なおうちのソ連人民の敵である親父もえらく気に入ってましたが、派遣前の国会質疑で自衛隊を非武装地帯に派遣することについて「非武装地帯とはどこか?」という質問に対し、「自衛隊が行くところが非武装地帯だ」という当時の小泉首相の発言は平成国会議論の中でもかなりの名言である気がします。後に現地サマワの住民による自衛隊を慰労するデモが起きた際、「小泉首相の言う通り、自衛隊の行くところが非武装地帯だった」という人もいました。
話を戻すと上記のアフガニスタンの例と比べると、今回のホルムズ湾派遣で得するのは誰かと言ったら、ぶっちゃけ米国しかいません。しかも日本が艦隊を派遣したところで完全に閉鎖が解除されるわけでもなく、それどころか日本の民間船舶が意趣返しとばかりに狙われる可能性が確実に高まります。また自衛隊員の危険度もサマワなどとは比べ物にならず、それこそ死傷者が出たら米国は補償するのかといったら絶対にしないでしょう。

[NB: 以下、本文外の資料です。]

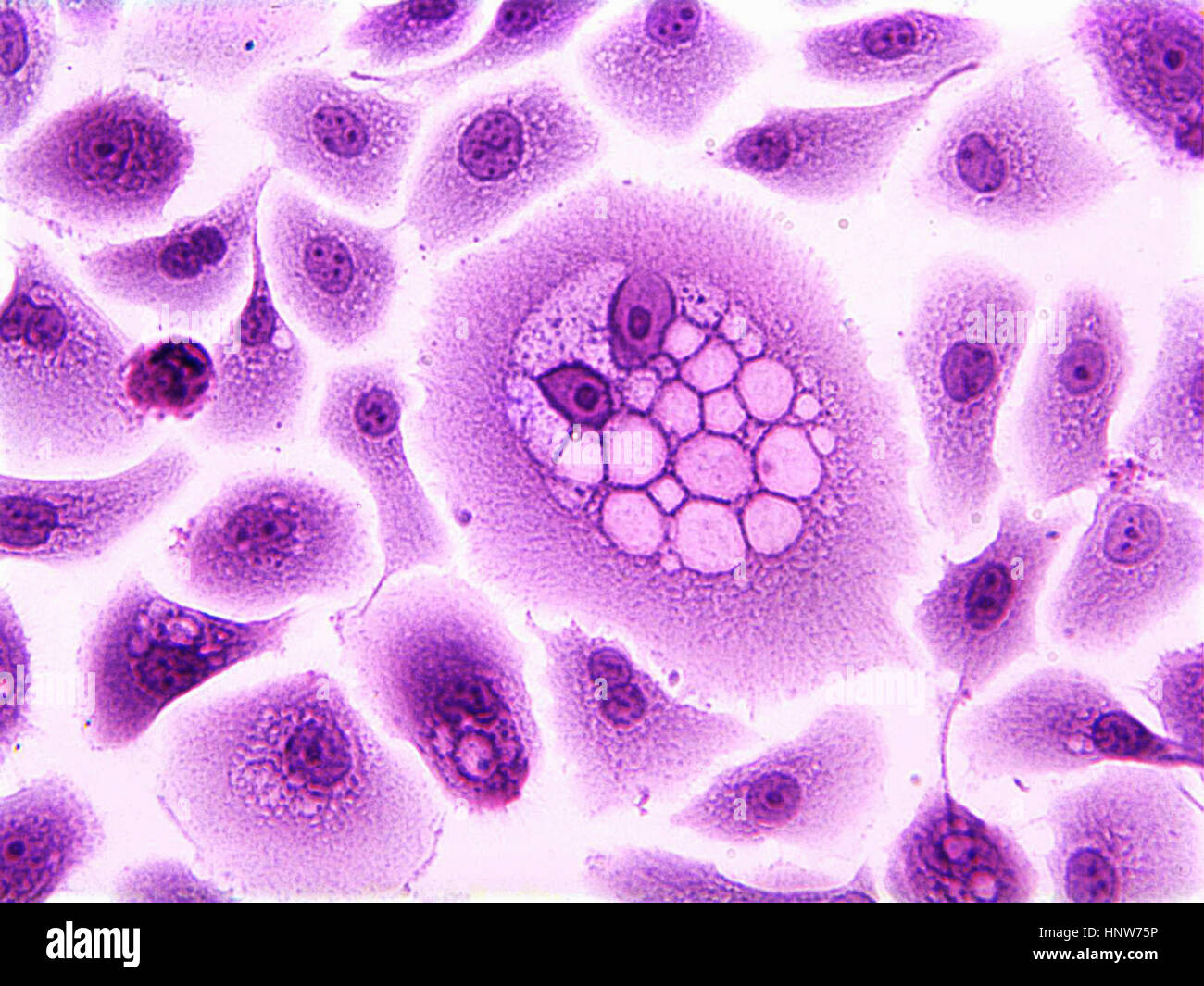 Koilocytes, squamous epithelial cells, altered by human papillomavirus Stock Photo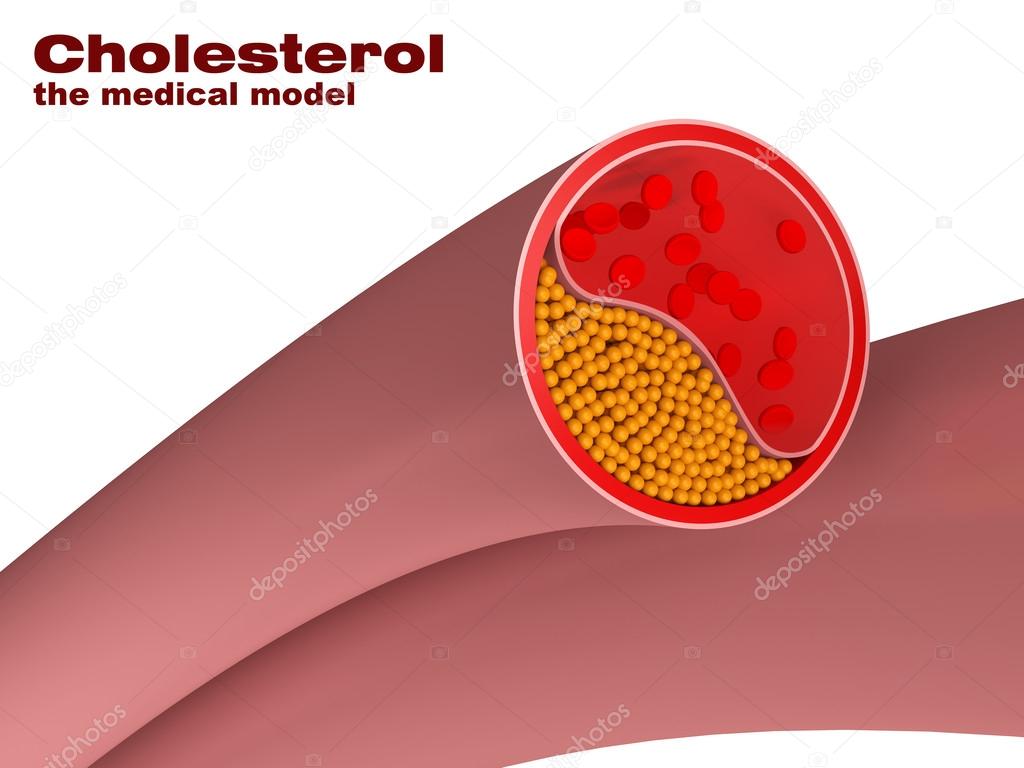 model of cholesterol in artery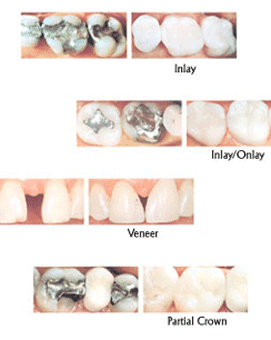 Inlay/Onlay, Venner & Partial Crown — Cosmetic dentistry in Katy, TX Inlay/Onlay, Venner & Partial Crown — Cosmetic dentistry in Katy, TX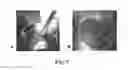 Fig. 10 - Compositions and Methods of Using Living and Non-Living Bioactive Devices with Components Derived from Self-Renewing Colony Forming Cells Cultured and Expanded In Vitro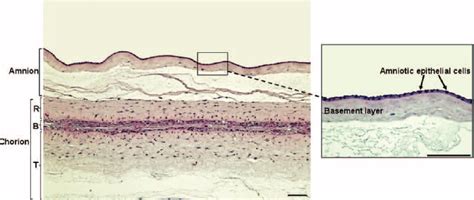 Histology of amnion and chorion membranes in human amniotic membranes ...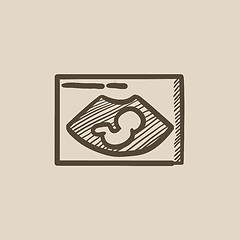 Image showing Fetal ultrasound sketch icon.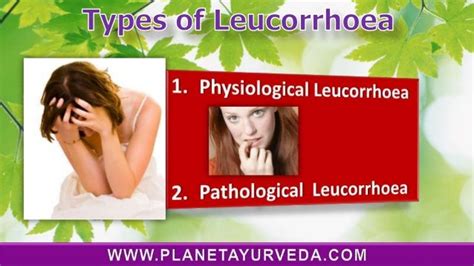Leucorrhoea Whitish Discharge Types Causes Symptoms Diet Home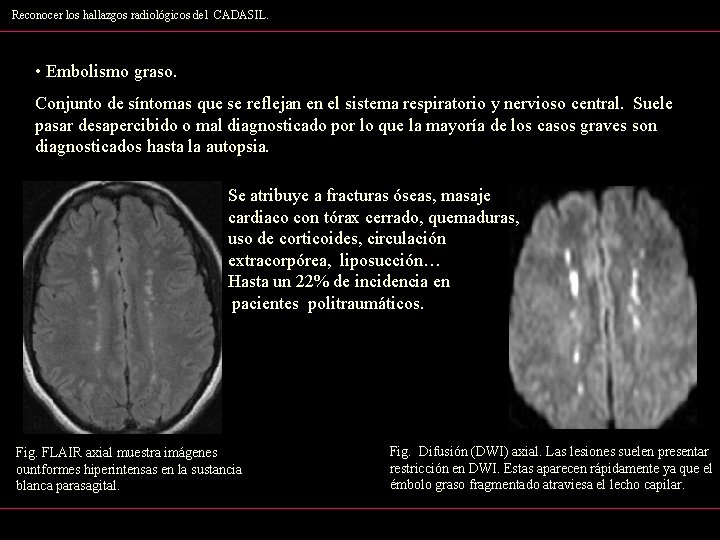 Reconocer los hallazgos radiológicos del CADASIL. • Embolismo graso. Conjunto de síntomas que se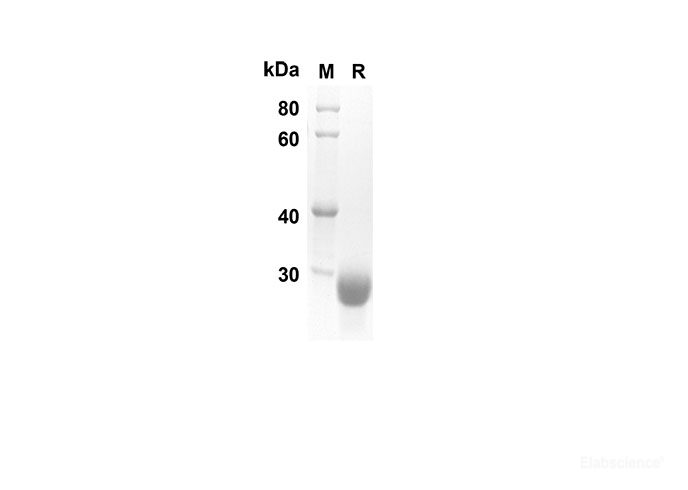 Recombinant Human NBL1 Protein(His Tag)-Elabscience
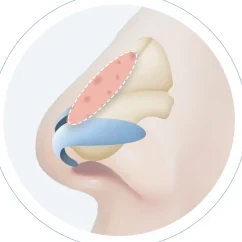진피 디자인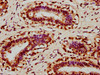 UVSSA Antibody PACO60733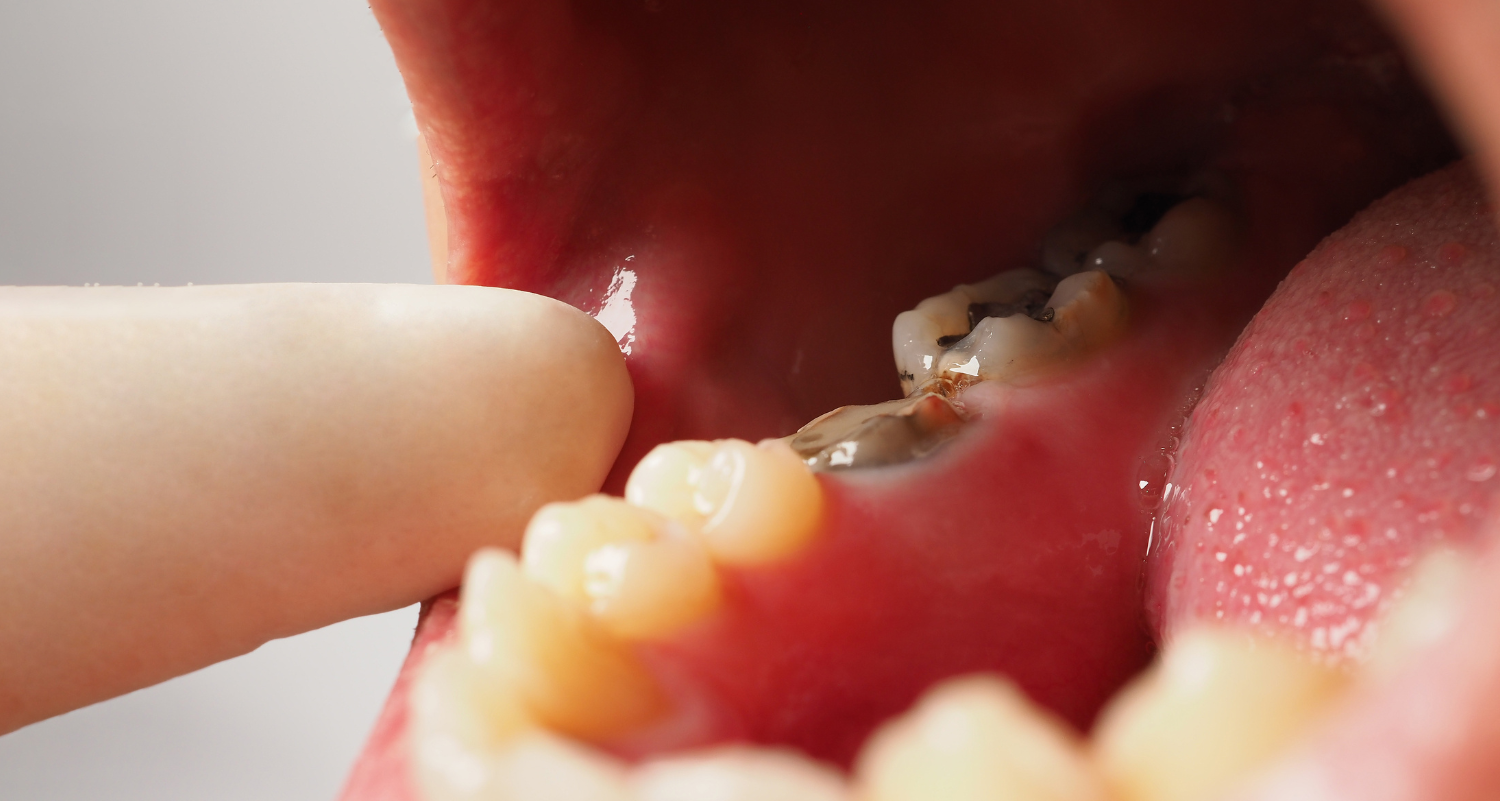 Root Canal Symptoms: Warning Signs Your Tooth Is Crying Out for Help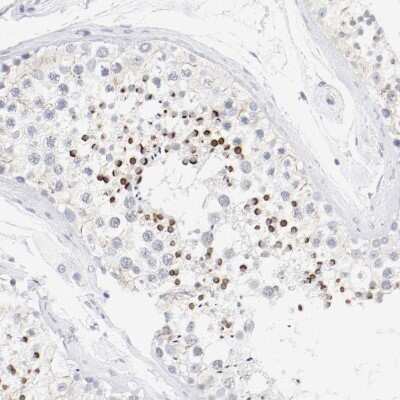 Immunohistochemistry-Paraffin: CD11c Antibody [NBP1-91210]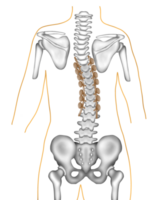 Scoliosis correction surgery using spinal instrumentation png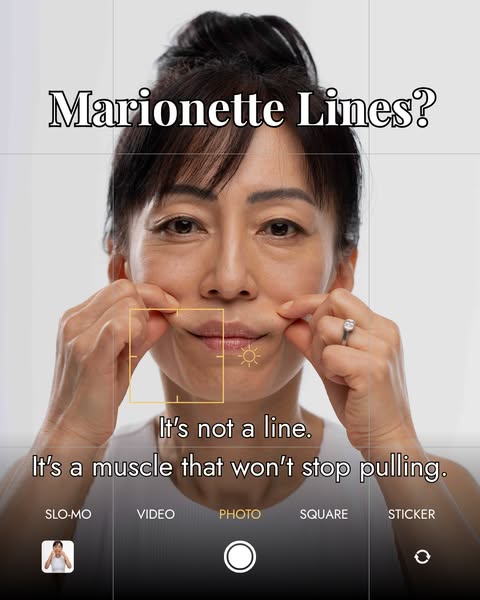 Marionette Lines: The Fix No Cream Can Deliver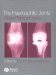 The Haemophilic Joints : New Perspectives cover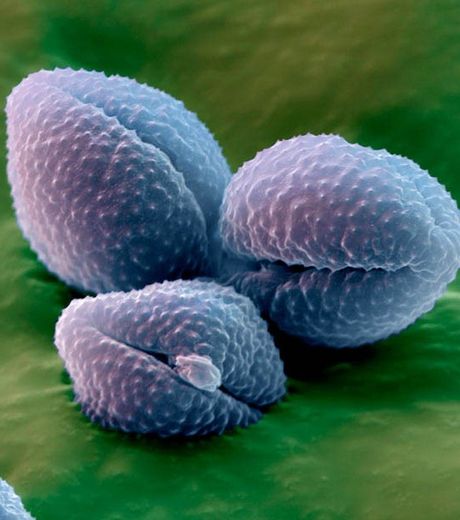 Le pollen : de minuscules grains photographiés au microscope  Le-pol10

つまり日本としては派遣するだけ損しかしません。さらに言えば派遣したところで米国というかトランプ大統領が恩に感じることもまずなく、むしろ使い勝手がいい奴だと勝手に考え現地での戦闘にも勝手に参加させようとしてくる可能性すらあります。
そもそも今回のイラン攻撃に関しては完全にトランプ大統領とイスラエルの私戦としか言いようがなく、国家としての大義もなければメリットもなく、イスラエル陣営についてもイスラエル以外はまず得しないでしょう。大方報道されている通り、ベネズエラがあまりにもうまく成功し過ぎたのと、ネタニヤフ首相の甘い口車に乗せられ何の展望もなくトランプ大統領が始めてしまったものと思います。まだイラク戦争の方が、展望がありました。
石油の問題に関しても、楽観的予測に立つならばさすがに3ヶ月以上も続く可能性はないと思え、っていうかそうなったら別に日本に限らず世界中の経済が破綻するので、みんな揃って貧乏になるから日本だけ損するわけじゃありません。しばらくはガソリン代高騰が続くものの、この状況はコロナほどには長続きしないと思えるので、コロナ期間を思い出してみんなで我慢するのがベターでしょう。
にしても関税吊り上げるだけ吊り上げておきながら、都合が悪くなるとこんな要請してくるあたり本当にトランプ大統領は取引相手として信用に足らないなと感じます。まぁ今回の失策でレームダックに陥りつつあるので、もう今後は日本もそんな相手したり機嫌取ったりする必要もなくなるでしょう。